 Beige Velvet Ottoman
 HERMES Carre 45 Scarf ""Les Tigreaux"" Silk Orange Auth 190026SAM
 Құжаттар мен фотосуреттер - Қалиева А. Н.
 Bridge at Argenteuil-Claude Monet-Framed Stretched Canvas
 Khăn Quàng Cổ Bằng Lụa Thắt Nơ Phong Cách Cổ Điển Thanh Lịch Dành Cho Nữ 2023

* * *

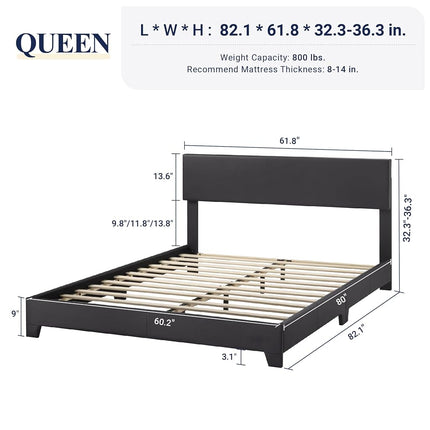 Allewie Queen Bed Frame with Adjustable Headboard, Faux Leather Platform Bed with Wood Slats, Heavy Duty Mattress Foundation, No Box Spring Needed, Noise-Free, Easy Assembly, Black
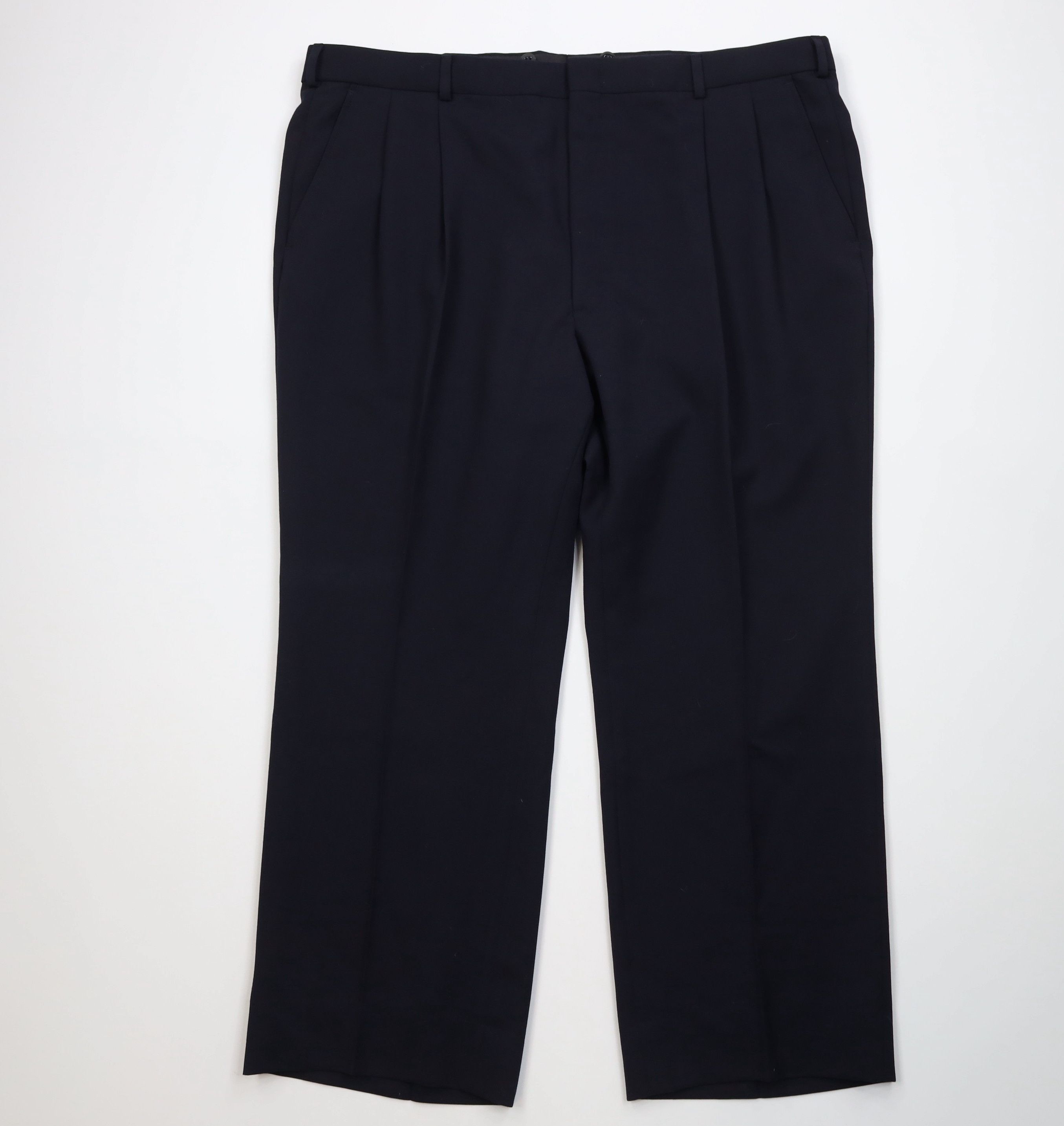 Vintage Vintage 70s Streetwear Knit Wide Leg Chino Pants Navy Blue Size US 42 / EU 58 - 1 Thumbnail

* [ASSIGNMENT]
Everything in the material above from the line that has "Beige Velvet Ottoman" through the line that has "Khăn Quàng Cổ" must be duplicated exactly, with no other lines given.

* [THE COMPLETED TASK]
 Beige Velvet Ottoman
 HERMES Carre 45 Scarf ""Les Tigreaux"" Silk Orange Auth 190026SAM
 Құжаттар мен фотосуреттер - Қалиева А. Н.
 Bridge at Argenteuil-Claude Monet-Framed Stretched Canvas
 Khăn Quàng Cổ Bằng Lụa Thắt Nơ Phong Cách Cổ Điển Thanh Lịch Dành Cho Nữ 2023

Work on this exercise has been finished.